__Given material__:
================================

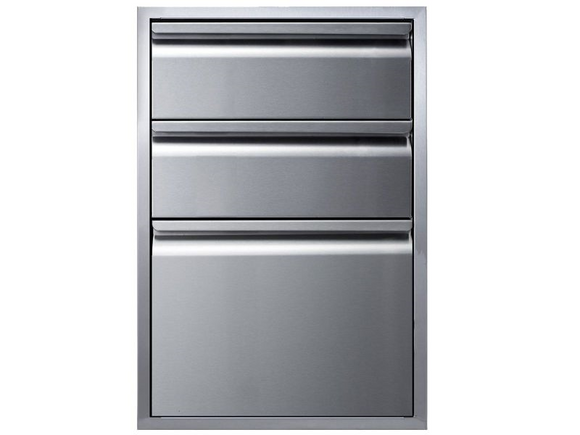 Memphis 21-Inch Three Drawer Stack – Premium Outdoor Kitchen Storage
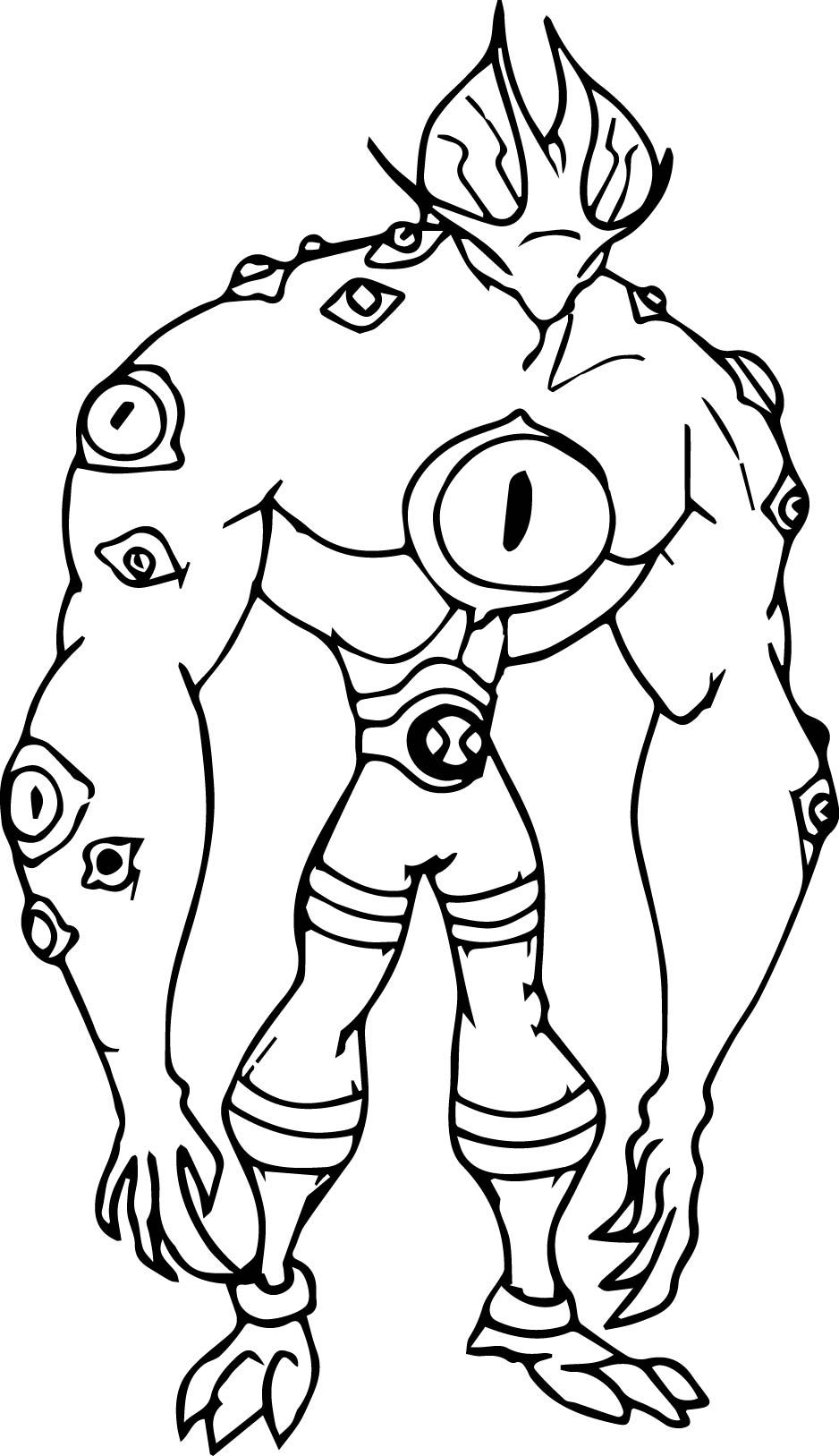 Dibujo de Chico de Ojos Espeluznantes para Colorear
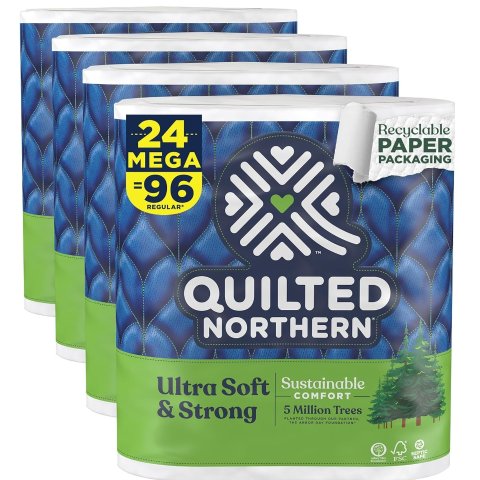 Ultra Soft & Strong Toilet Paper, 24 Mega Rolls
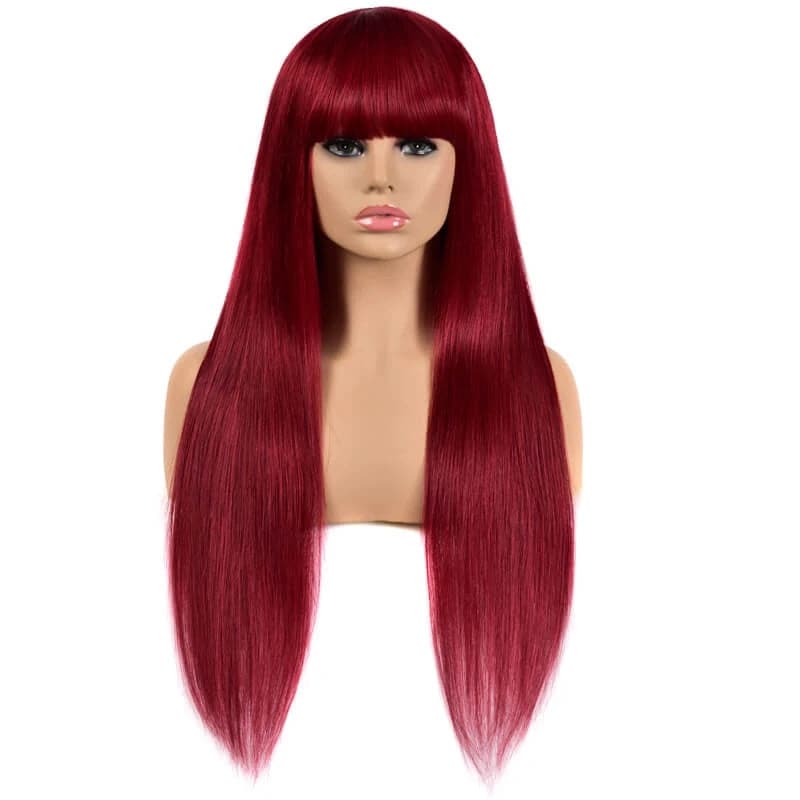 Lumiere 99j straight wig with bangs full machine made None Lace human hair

================================

Copy exactly, please, every line from the one holding "Dibujo de Chico" through the last line of the data, both ends included, and no pictures.

 Dibujo de Chico de Ojos Espeluznantes para Colorear
 Ultra Soft & Strong Toilet Paper, 24 Mega Rolls
 Lumiere 99j straight wig with bangs full machine made None Lace human hair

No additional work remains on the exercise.